Jugendliche sollen mitgestalten

Artikel aus der NW vom 10. Oktober 2013

von marion pokorra-brockschmidt

Rheda-Wiedenbrück. Kinder und Jugendliche sollen über das, was in ihrer Stadt passiert, mitbestimmen. Da sind sich die Mitglieder des Jugendhilfeausschusses einig. In welcher Form aber diese Partizipation realisiert werden soll, darüber sind sie geteilter Meinung. Die Mehrheit tendiert zur Einrichtung eines Schülerhaushaltes.

Dort werde nur entschieden, ob das vorhandene Budget für eine Kaffeemaschine oder eine Tischtennisplatte ausgegeben werde, kritisierte Patrick Büker, FDP. Jugendliche Interessen aber erstreckten sich auch auf Sportstätten und Jugendhäuser. Der Liberale Matthias Hegel meint, dass zum Schülerhaushalt Jugendliche entsendet würden, als Sachwalter ihrer Schule. „Das ist Lobbyismus und keine Demokratie.“ Er favorisiert ein Jugendparlament, das nicht auf Schüler reduziert sei, sondern alle jungen Menschen anspreche.

Das meint auch Michaela Koroch, SPD. Sie erinnert, dass rund 360 Jugendliche aus Rheda-Wiedenbrück Schulen in benachbarten Kommunen besuchen – sie blieben beim Schülerhaushalt in Sachen Mitbestimmung außen vor.

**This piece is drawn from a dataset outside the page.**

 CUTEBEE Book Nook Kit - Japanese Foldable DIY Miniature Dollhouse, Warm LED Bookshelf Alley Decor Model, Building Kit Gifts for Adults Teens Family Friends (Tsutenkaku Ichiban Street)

Gegen den Schülerhaushalt spricht laut Daniel Schlottmann, Kreisjugendring, „dass sich Schulen beteiligen können, aber nicht müssen“. Machten nur einige der sieben weiterführenden Schulen der Stadt mit, hätten nicht alle Jugendlichen die Chance zur Partizipation. Claudia Mieszala, nicht stimmberechtigte Vertreterin der katholischen Kirche, wünscht sich eine Mischung der Jugendlichen – „nicht Hauptschüler für Hauptschüler und Gymnasiasten für Gymnasiasten“. Zu bedenken gibt sie zudem, ob es sinnvoll sei, den schulischen Bereich weiter zu stärken, statt Jugendlichen mehr Möglichkeiten der Mitgestaltung im außerschulischen Bereich zu ermöglichen.

Für den Schülerhaushalt macht sich Christa Bußwinkel, CDU, „nach einem jahrelangen, konstruktiven Meinungsbildungsprozess“ stark. Er spreche Kinder und Jugendliche in ihrem direkten Umfeld an. Mit Negativbeispielen wandte sich Sonja von Zons, Bündnisgrüne, gegen das Jugendparlament. Sie nennt geringe Wahlbeteiligungen, fehlende Kandidaten. Peter Kliche, UWG, erinnert an das Scheitern des Jugendparlaments in der Stadt vor Jahren. „Solche Pleiten möchte ich nicht noch mal erleben.“

Zudem hat sich von Zons in zwei Klassen umgehört. Da sei das Votum für den Schülerhaushalt mit 75 Prozent zwar nicht repräsentativ, aber deutlich ausgefallen. Dem hielt Büker entgegen, dass sich die Kreis-Schülervertretung gegen einen Schülerhaushalt, aber für ein Jugendparlament „als demokratische Vertretung für Schüler“ ausgesprochen habe.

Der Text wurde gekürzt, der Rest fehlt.